** Opening Dataset section block **

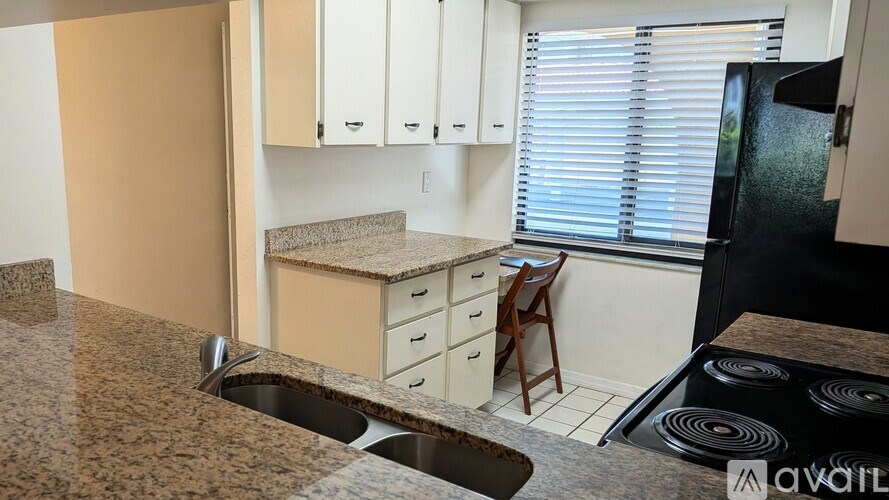 A kitchen with granite countertops and white cabinets.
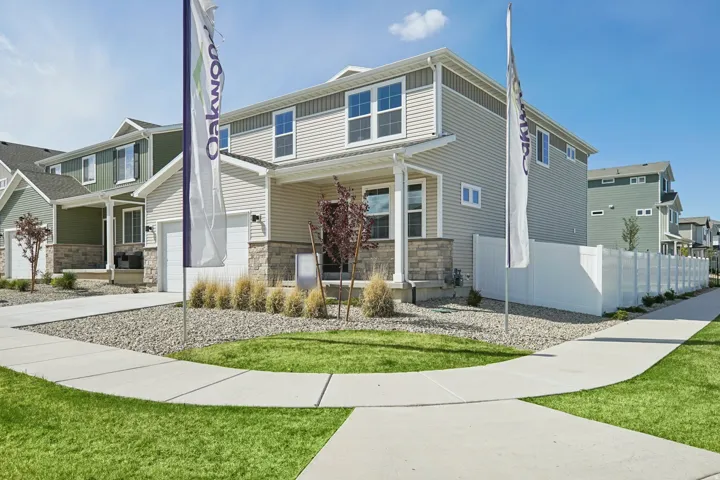 Two-story residence featuring light-colored siding and stone accents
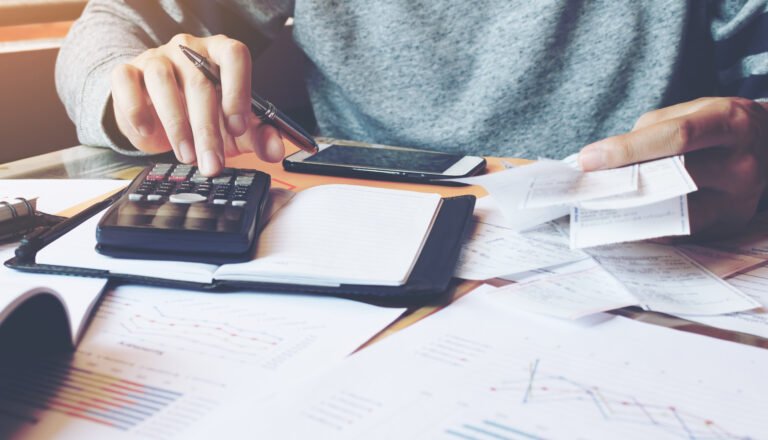 Man Using Calculator And Calculate Bills In Home Office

** Closing Dataset section block **

**What the task requires**
Write out the data above precisely. Pictures stay out.

**Reply to the task**
 A kitchen with granite countertops and white cabinets.
 Two-story residence featuring light-colored siding and stone accents
 Man Using Calculator And Calculate Bills In Home Office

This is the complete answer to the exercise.